EXERCISE OBJECTIVE
Using the records below, write out only the lines from the line containing "Image titled Draw a Pitbull Step 32" up to and including the line containing "2025 Kia Sorento Hybrid EX", exactly, with no pictures.

TASK INPUT
______________________________
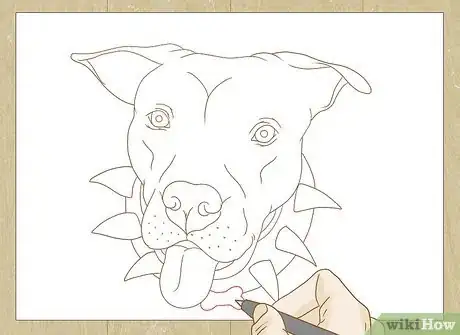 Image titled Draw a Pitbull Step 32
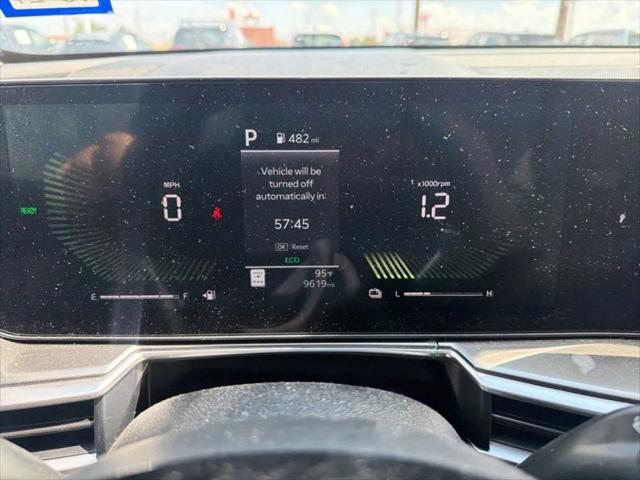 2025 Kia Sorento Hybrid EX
______________________________
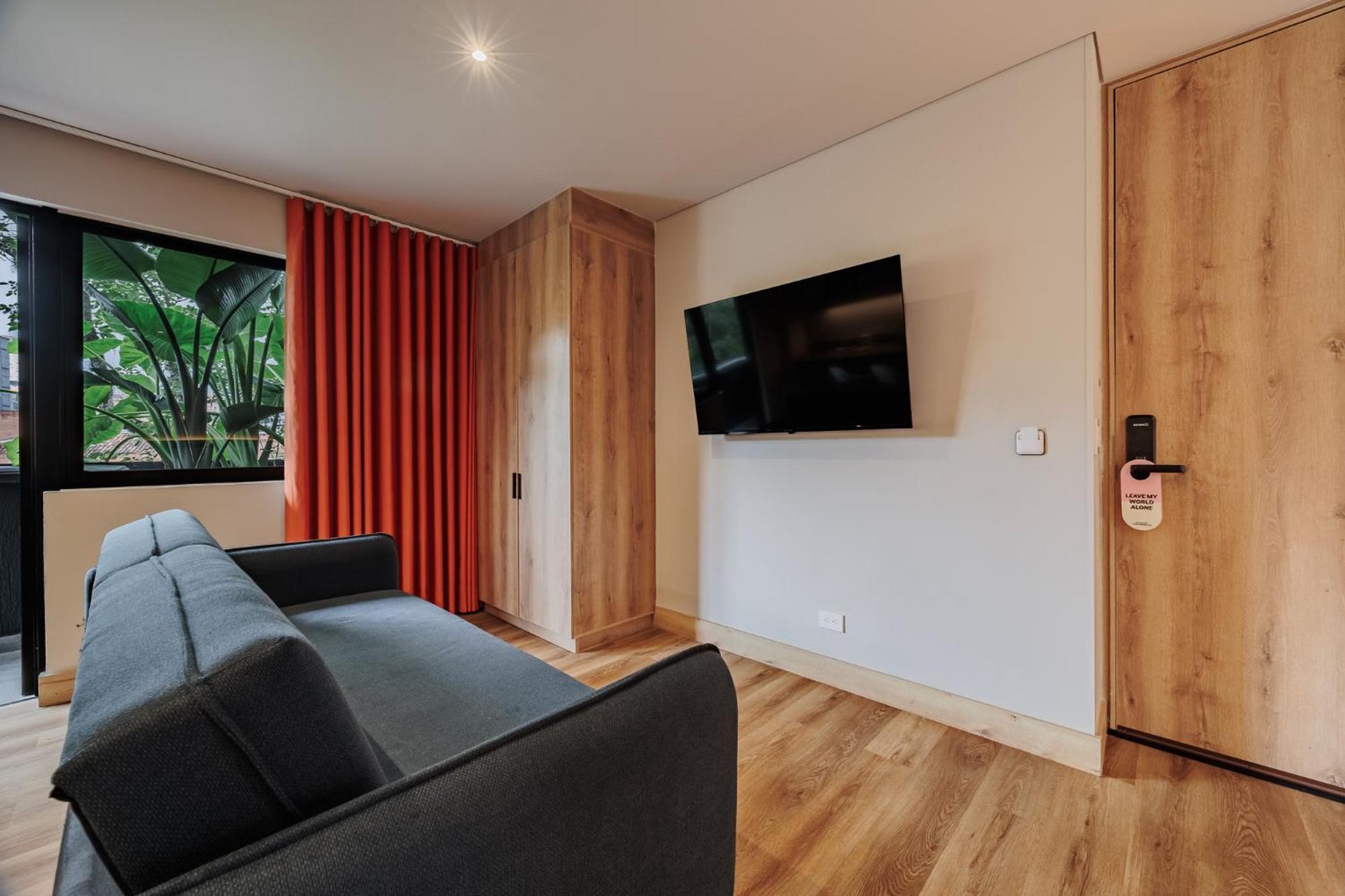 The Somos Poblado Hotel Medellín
______________________________
REPLY
 Image titled Draw a Pitbull Step 32
 2025 Kia Sorento Hybrid EX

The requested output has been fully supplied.